Monday, March 27, 2017

Carib Lit: 2017 OCM Bocas Prize Shortlist favour "Cannibal" and "Augustown"



The judges for the 2017 OCM Bocas Prize for Caribbean Literature have announced the winners of the three genre categories, which now form the shortlist for the overall prize.
The late Trinidadian Angelo Bissessarsingh’s Virtual Glimpses into the Past/A Walk Back in Time: Snapshots of the History of Trinidad and Tobago (Queen Bishop Publishing) was chosen along with Augustown by Jamaican novelist Kei Miller (Weidenfeld and Nicolson) and Cannibal, by Jamaican poet Safiya Sinclair (University of Nebraska Press), from a longlist of nine books.
The three shortlisted titles will now enter the final round of judging, and vie for the overall award of US$10,000, to be presented on 29 April during the 2017 NGC Bocas Lit Fest (26–30 April) in Port of Spain.
Bissessarsingh’s Virtual Glimpses into the Past and A Walk Back in Time were considered by the non-fiction judges as two volumes of a larger work. They commend “these two interconnected volumes from a ravenous self-taught historian who has delved into national and personal archives of a people to summon up the past of Trinidad and Tobago.” The books contain collected vignettes from the history of Trinidad and Tobago, which the judges describe as “a graphic reminder of the rich architecture that must be preserved.”
Bissessarsingh, who passed away in early 2017 during the judging period, won a devoted following among T&T readers for his enthusiastic style and passion for research, and for his long-running Back In Times column in the Trinidad Guardian.
In the poetry category, the judges shortlisted books by three younger Jamaican poets, but it is the debut collection by Safiya Sinclair, Cannibal, that has made it to the top of the list. The judges thought the collection marks a fresh strong voice. They comment: “Sinclair manages to imbue her writing with such strength and spirit that it gives her poems a disturbing and provocative edge — sometimes shocking, and at other times soft and sensual.” Cannibal is haunted by the character of Caliban from The Tempest, as it explores Jamaican childhood and womanhood, and otherness in a strange place that may be the United States where the poet now lives, or language itself.

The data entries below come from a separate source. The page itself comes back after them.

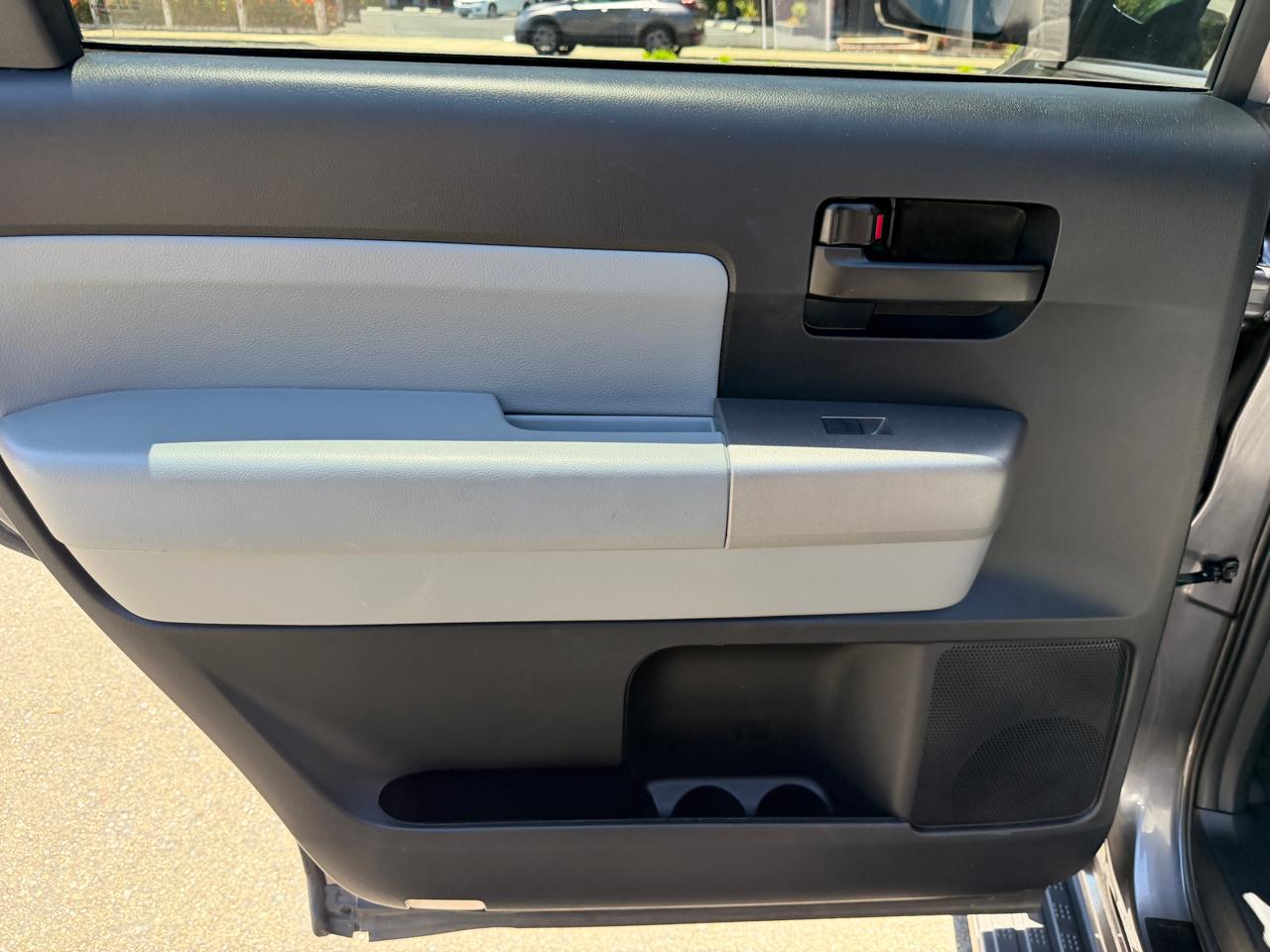 Toyota Sequoia  2015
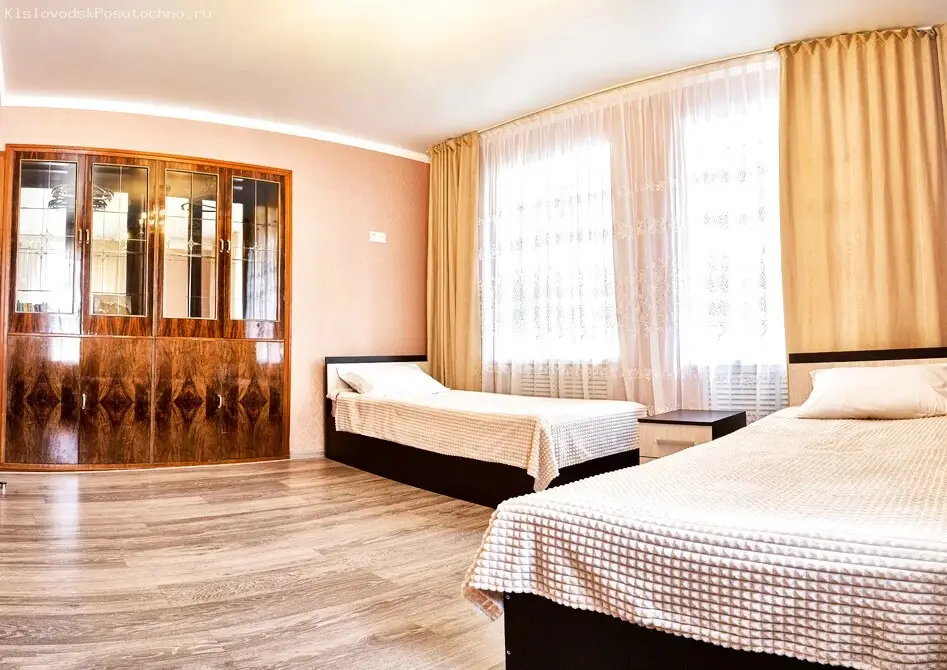 Кисловодск: Апартаменты Титова 28/1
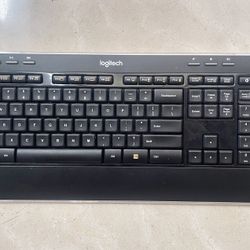Logitech K520 Wireless Keyboard with receiver & mouse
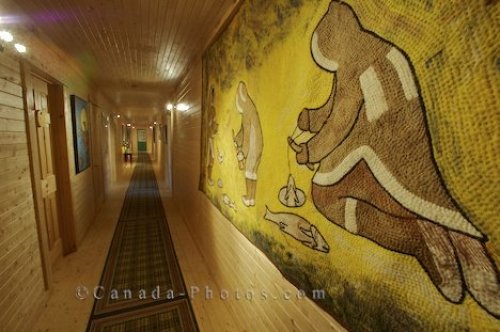 Photo: Eskimo Art Rifflin Hitch Lodge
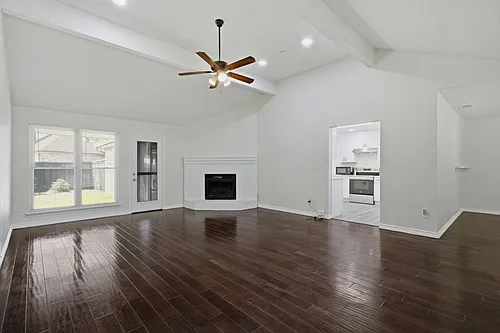 5005 Frontier Ln Photo 1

The fiction category judges commend Kei Miller’s historical epic Augustown, with its complexities of class, ethnicity, religion, and language. “It is a spell-binding novel,” they note, ”written in simple, well-limned, imagistic prose. It’s a novel that’s realistic — a realism grounded in history — and magic-realist.” Based in the UK, Miller won the coveted 2014 Forward Prize for Poetry and was shortlisted for the 2014 OCM Bocas Prize (non-fiction) for his book Writing Down the Vision: Essays and Prophecies.
The final cross-genre judging panel for the Prize, headed by eminent Jamaican poet and literary scholar Edward Baugh, includes Susheila Nasta, founder and editor of the UK journal Wasafiri, Kim Robinson-Walcott, editor of Jamaica Journal and Caribbean Quarterly, and David Dabydeen, the celebrated Guyanese writer based in the UK.